Además, a los espectadores les resulta fácil identificar a los
personajes en todo momento.
Por
contraposición a todo esto, lo que más nos irrita de este tipo de
ópera es el canto, agudo, estridente, chillón. Y, sin embargo, esta
es uno de los elementos más apreciados por los espectadores chinos y
que más dificultad conlleva para los actores. El concepto de ritmo
juega un papel importantísimo en este apartado. El canto de los
actores se acompaña por una pequeña orquesta, cuya música se va a
fundir en muchos momentos con la voz de los personajes.
Se
podrían contar cientos de cosas más sobre este arte, pero no
pretendo hacer un análisis exhaustivo del tema, sino mostrar una
imagen muy general del asunto para los que nunca han visto una ópera
china, para los que planean hacerlo algún día o para los que ya lo
han hecho y salieron horrorizados de la sala. Yo aún estoy
aprendiendo sobre cómo ver uno de estos espectáculos, pero hace ya
tiempo que me quedó claro cómo no hacerlo.

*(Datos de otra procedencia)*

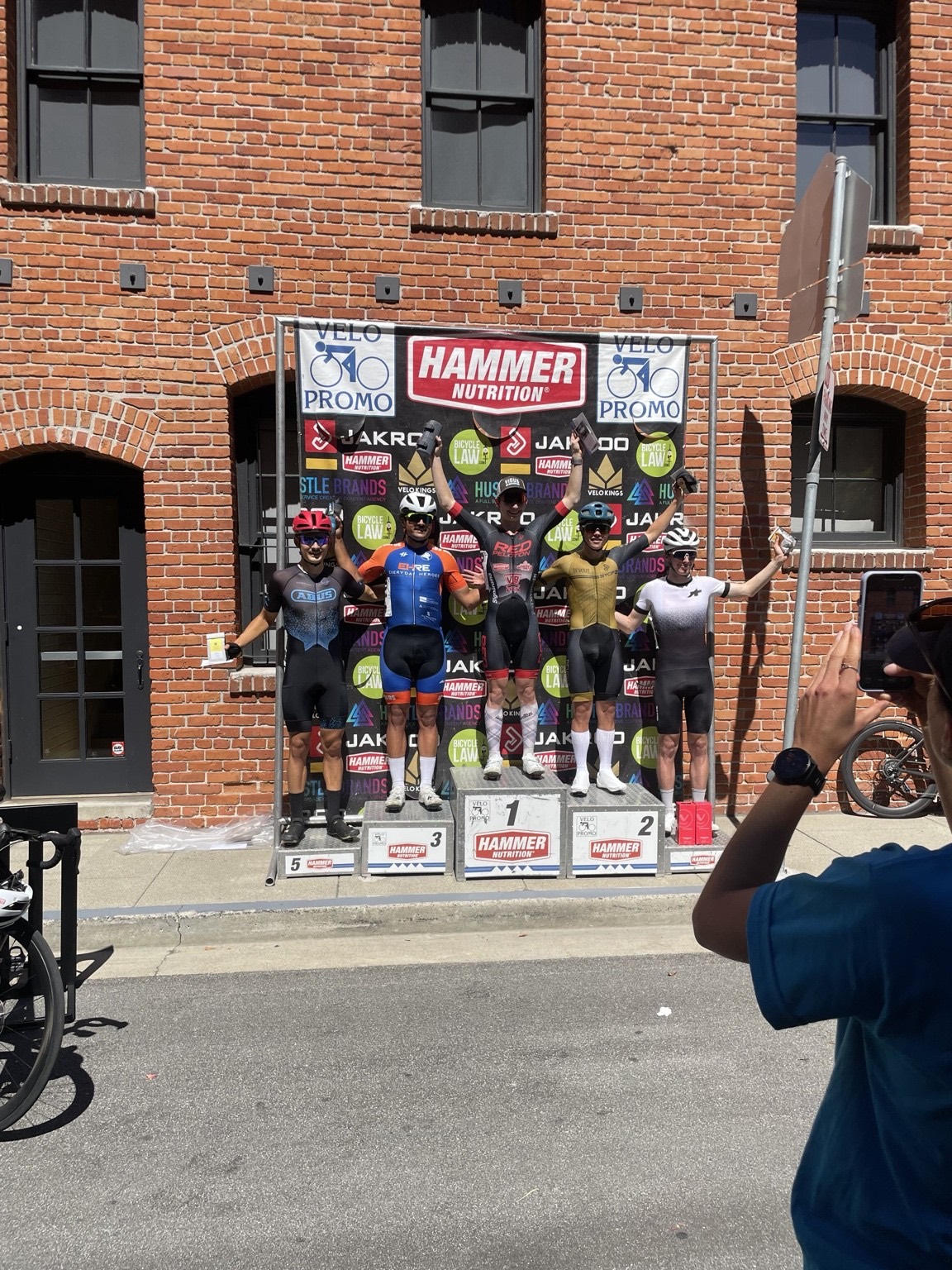 A rider in a Red Peloton kit with arms raised on the top step of a five-place podium in front of a brick building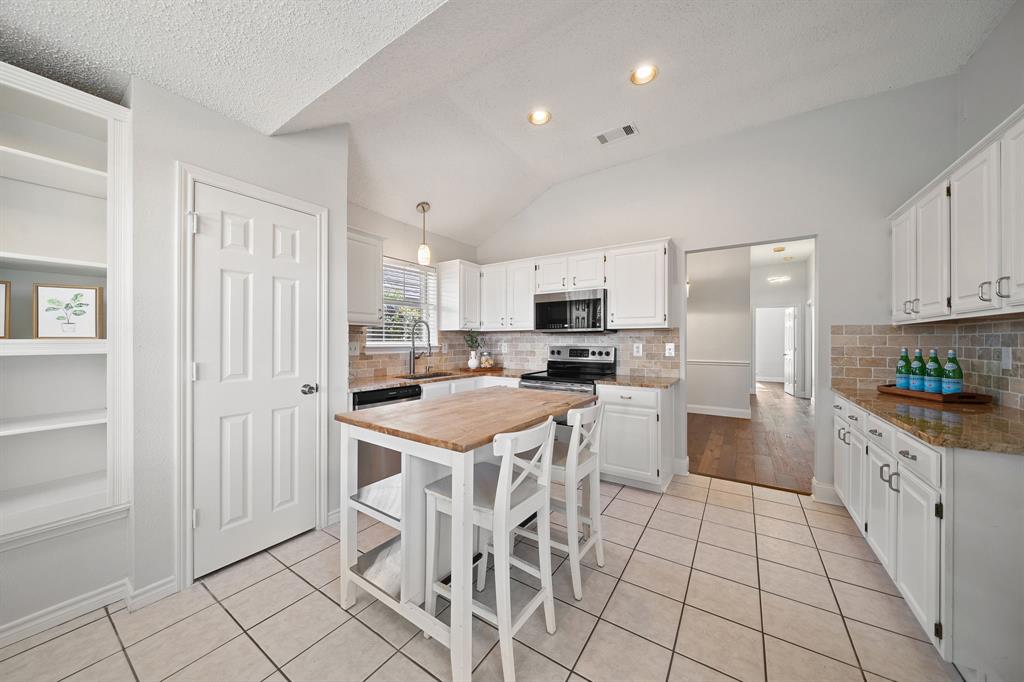Kitchen featuring white cabinetry, stone-surface countertops, a brick-style tile backsplash, vaulted ceiling, and built-in shelving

No se puede entrar a ver
una ópera china esperando encontrar algo parecido a La
Flauta Mágica de
Mozart, porque el trasfondo cultural que hay tras una y otra es
demasiado distante.
No
mucho después de haber vivido la experiencia, me di cuenta de que
entrar en aquel teatro de Pekín no solo me había empujado a
descubrir lo fascinante de las óperas chinas, sino que me enseñó
una de las cosas más importantes que aprendí durante mi estancia en
el país: que nunca debemos juzgar sin conocer y, menos aún,
criticar otras culturas comparándolas con la nuestra.
Ahora
estoy deseando volver a China para disfrutar de la belleza de este
arte que en su día no supe o, más bien, no pude apreciar.